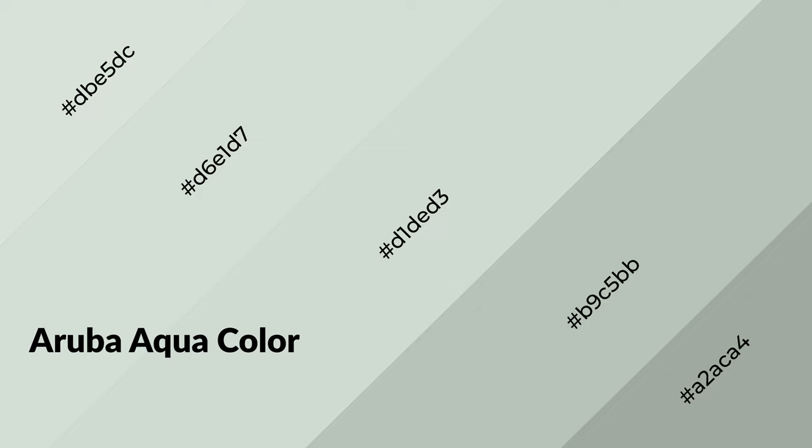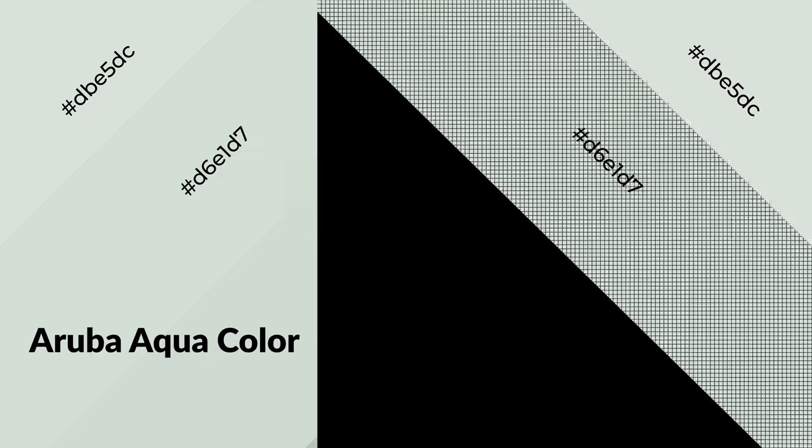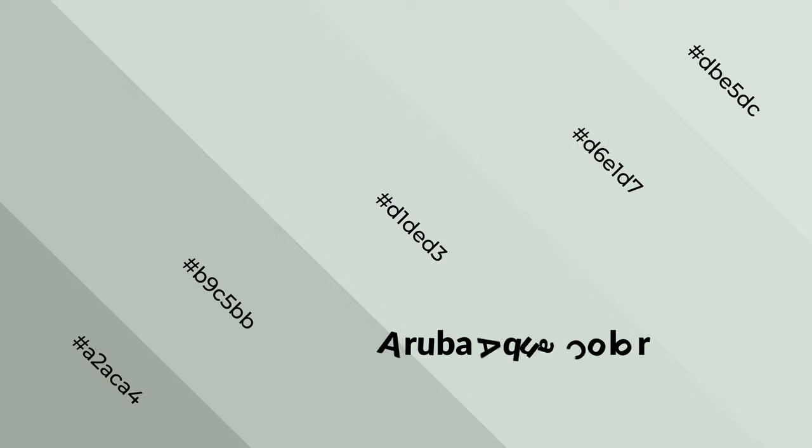Aruba Aqua is a cool color and it emits calming, serene, soothing, refreshing, spacious, unwinding, peaceful, and relaxed emotions.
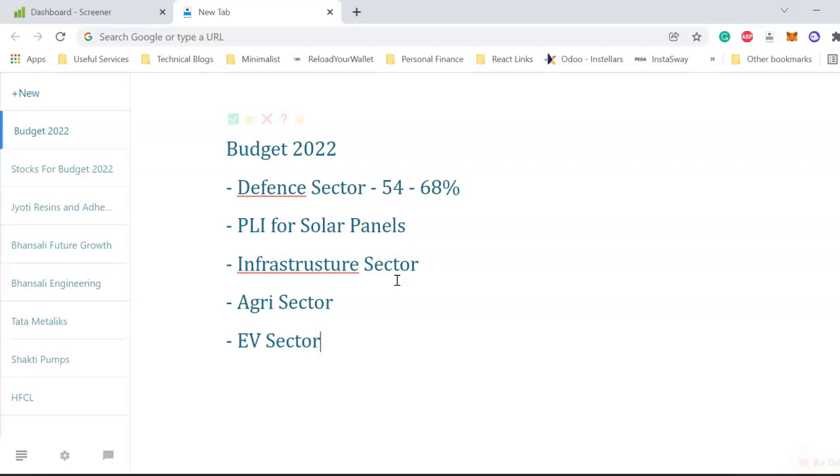These are the five sectors government discussed and focused a lot. There are a few more sectors and discussions also, but these five I personally find have a lot of good stocks which we can invest in for a good amount of time - like a year or so - and we can make good profit.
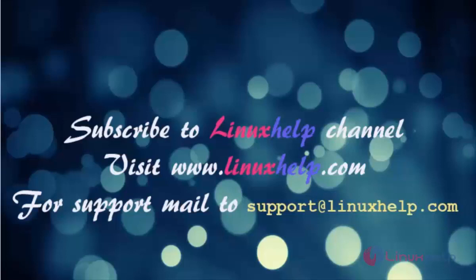Thanks for watching this video. Please subscribe to our channel LinuxHelp. For further tutorials visit linuxhelp.com. Any queries, mail us to support@linuxhelp.com.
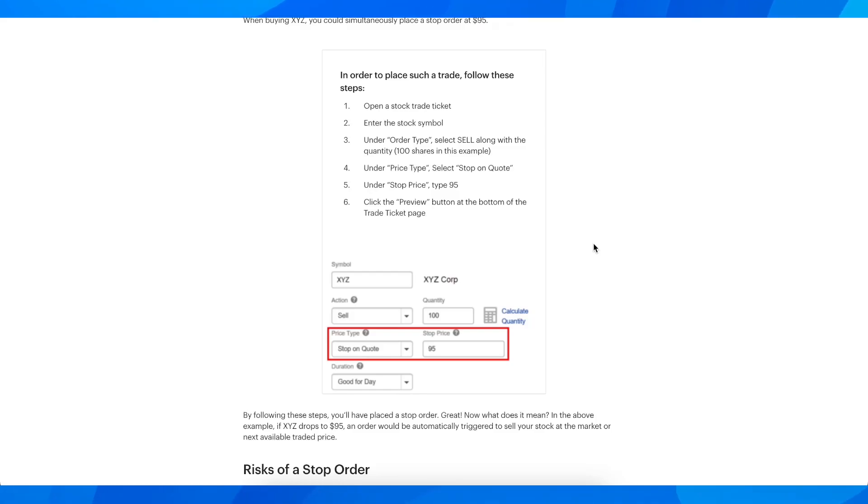Hi everyone, in today's video I'm going to explain to you how to set stop loss option on Power E-Trade mobile app.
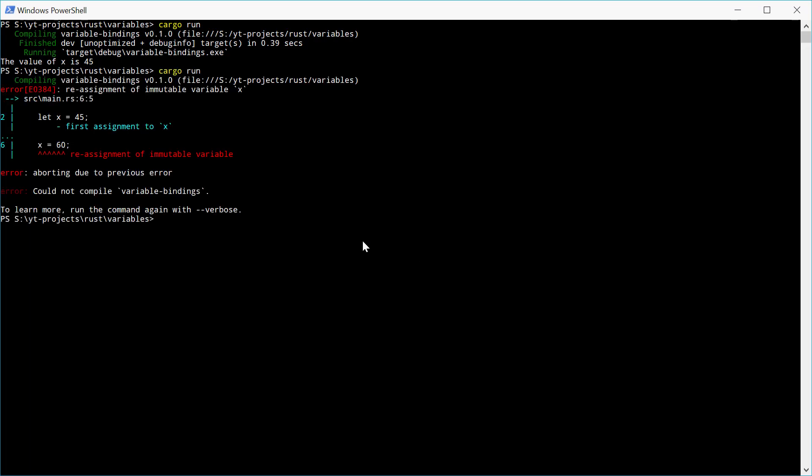And we actually get an error, which says reassignment of immutable variable x.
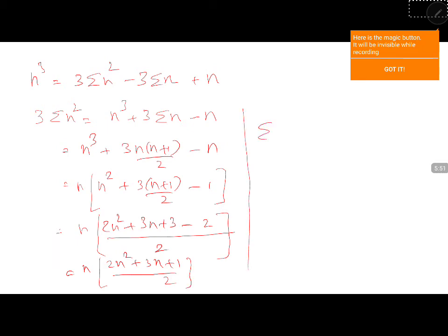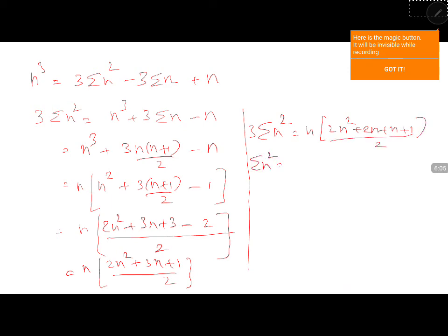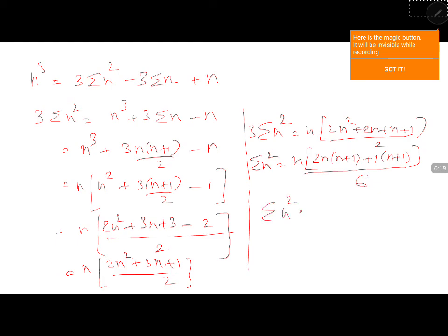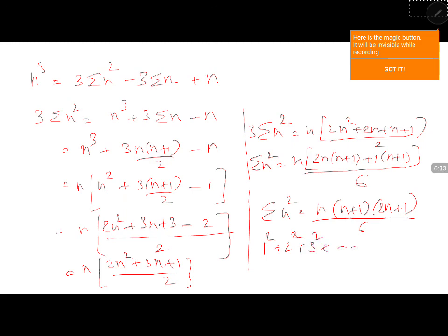Therefore, 3 sigma n square equals n into 2n squared plus 2n plus n plus 1, divided by 2. Factorizing: take 2n common from the first two terms giving n plus 1, and 1 common from the last two terms giving n plus 1. Bringing the 3 to the denominator gives 6. So sigma n square equals n into n plus 1 into 2n plus 1, divided by 6. Therefore, 1 squared plus 2 squared plus 3 squared up to n squared equals n into n plus 1 into 2n plus 1, divided by 6.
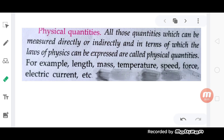Good afternoon students. I am Amja Patnaik, Lecturer in Physics. Today we are going to discuss about your 11th class first chapter, that is Unit and Measurement.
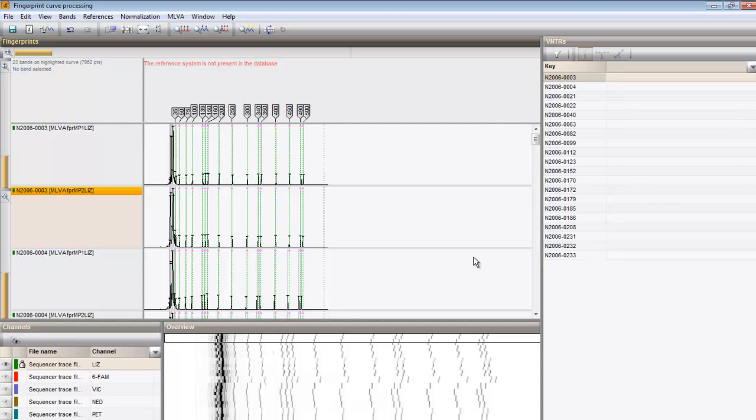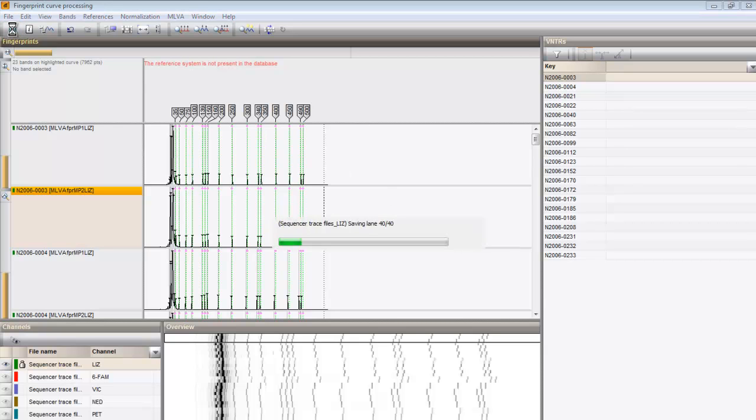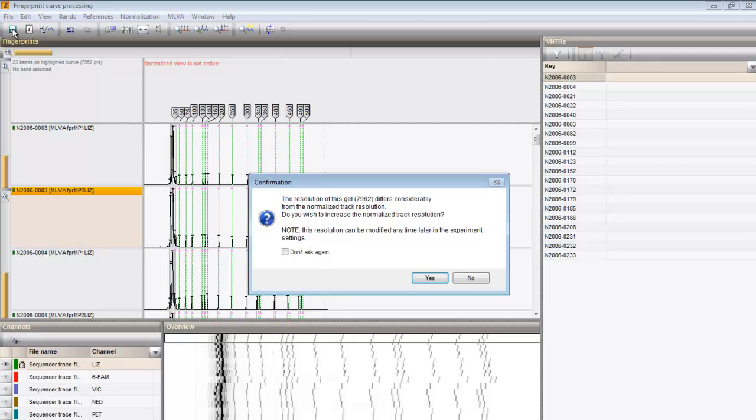For the calibration information to become available, we save the data to the database. I confirm the increased normalized track resolution.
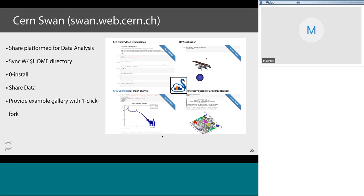CERN SWAN is a shared platform for data analysis at CERN. If you have a CERN account, it directly syncs with your home directory and it's zero-install. They provide a gallery — you browse it, find an example that looks great whether it's in C++ or Python, click on it, and it will fork things for you and allow you to run that data analysis on your specific datasets. You can modify and get insight into your data. Impressively, you have a C++ REPL running directly in the browser.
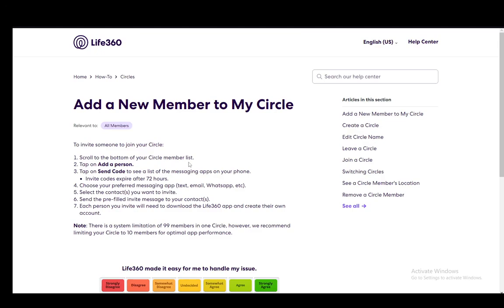Hey everybody, what is going on? I hope you guys are all doing well and welcome to another tutorial video. In this video I'll be explaining to you guys how you can add a new member to your circle in Life360, so let's get right into it.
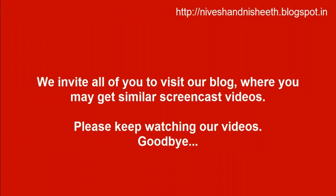We invite all of you to visit our blog where you may get similar screencast videos. Please keep watching our videos. Goodbye.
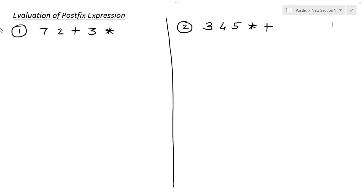Hey everyone, today we are going to evaluate the postfix expression. In the previous lecture we discussed how to convert infix to postfix or postfix to infix, but sometimes you are given examples like this and asked to evaluate these expressions. So today we are going to see a few examples to evaluate the postfix expression.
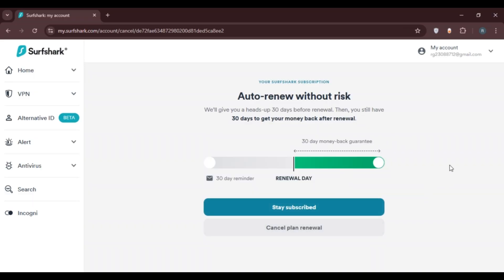You'll be led to this kind of interface with two options: Stay Subscribed and Cancel Plan Renewal. Simply click on Cancel Plan Renewal.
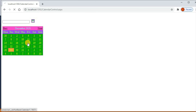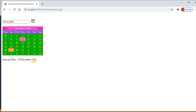Now we can get the date in the textbox and the selected date — for example, 10 December 2020. That's all for calendar control in ASP.NET. Thanks for watching.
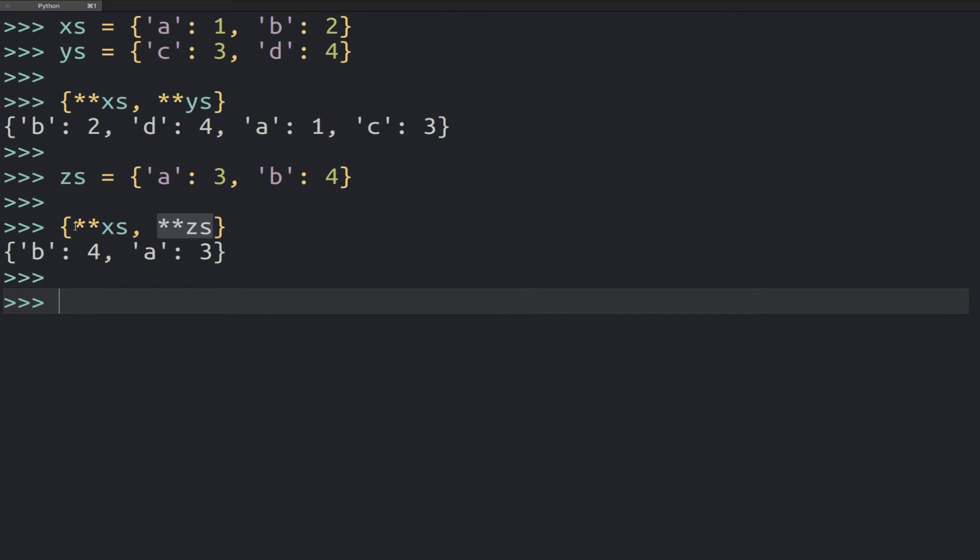So these dictionaries are going to be merged together in the order they're listed here in this expression. So we're going to basically create a copy of xs first, and then apply the zs on top of that.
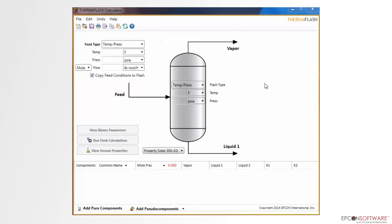Hello, and welcome to another EPCON training video. Today, we are going to discuss how to utilize EPCON's ThermaFlash application. Let's get started.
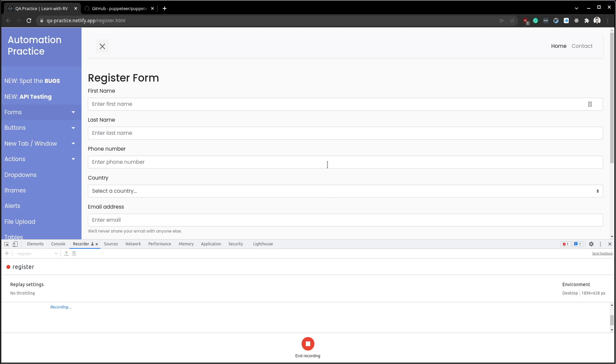Act like a user in the website. We are using the QE practice website for a registration flow.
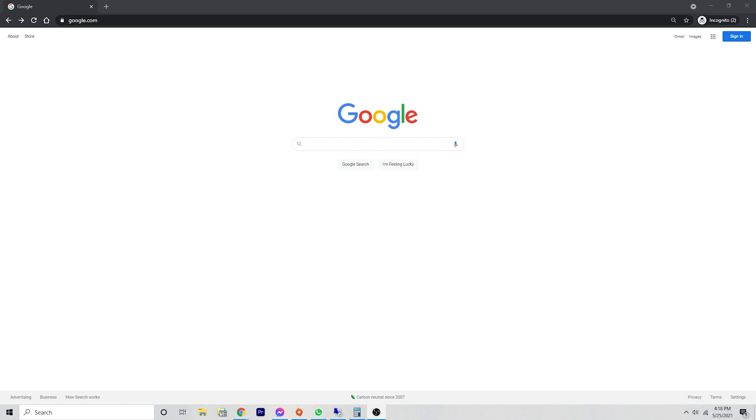If you go to Google.com, you will see the very familiar search field in the center of the screen. And in the upper right-hand corner, you'll see a couple more options, one of which is sign in.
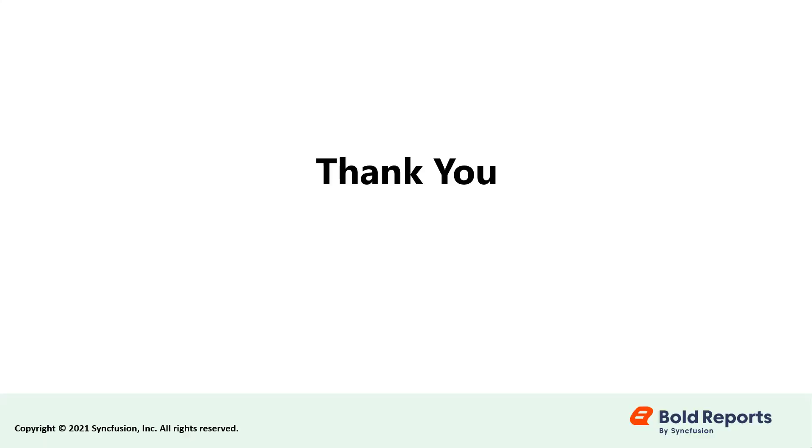Stay tuned to this channel for our upcoming videos on Bold Reports. Don't forget to click the like button and subscribe to our channel. Thanks for watching and we'll see you next time.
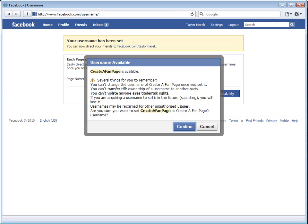You can't change the username once you set it. You cannot transfer the ownership of a username to another party. You can't violate anyone else's trademark rights. No cybersquatting here. If you're acquiring a username to sell it in the future, you will lose it. Usernames may be reclaimed for other unauthorized pages.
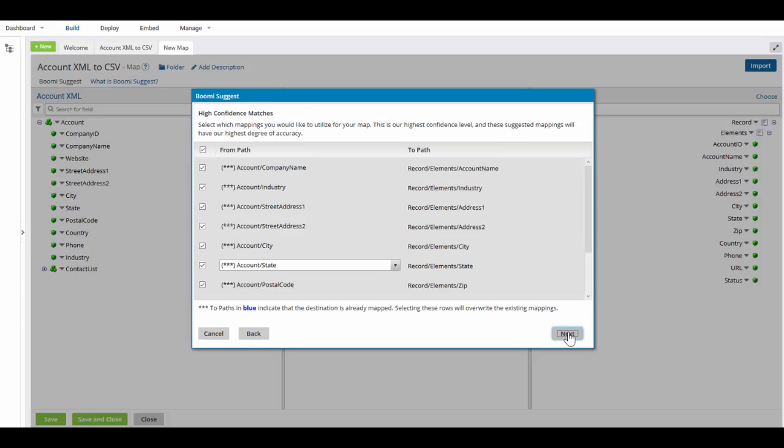Clicking on the next button, I see all of the fields that it has ideas it can map. It could take the company name field and map that over to the account name. The industry would go to the industry, the address to the addresses, the city and state.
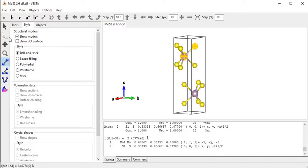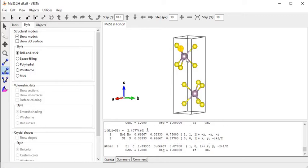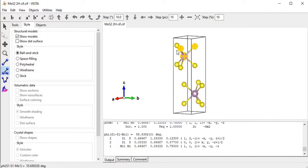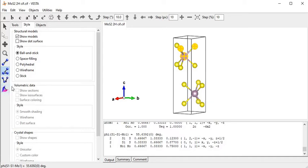This is the angle measurement - the angle between three atoms. The angle between these three atoms is around 55.6 degrees. This is the dihedral angle, and this is the interfacial angle. I don't know exactly what these two properties represent precisely.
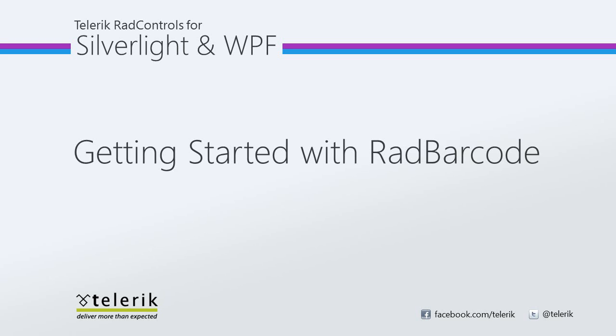Today we're going to look at getting started with Telerik's RAD barcode, part of Telerik's RAD controls for Silverlight WPF control suite for .NET XAML development. In this video we're going to see what it takes to get started with the RAD barcode, but first let's talk about the series.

======

» EXERCISE GOAL
Everything from the top line of the data down to and including the line with "And we actually" is to be copied, except the pictures.

» OUTPUT FOR THIS EXERCISE
Aruba Aqua is a cool color and it emits calming, serene, soothing, refreshing, spacious, unwinding, peaceful, and relaxed emotions.
These are the five sectors government discussed and focused a lot. There are a few more sectors and discussions also, but these five I personally find have a lot of good stocks which we can invest in for a good amount of time - like a year or so - and we can make good profit.
Thanks for watching this video. Please subscribe to our channel LinuxHelp. For further tutorials visit linuxhelp.com. Any queries, mail us to support@linuxhelp.com.
Hi everyone, in today's video I'm going to explain to you how to set stop loss option on Power E-Trade mobile app.
And we actually get an error, which says reassignment of immutable variable x.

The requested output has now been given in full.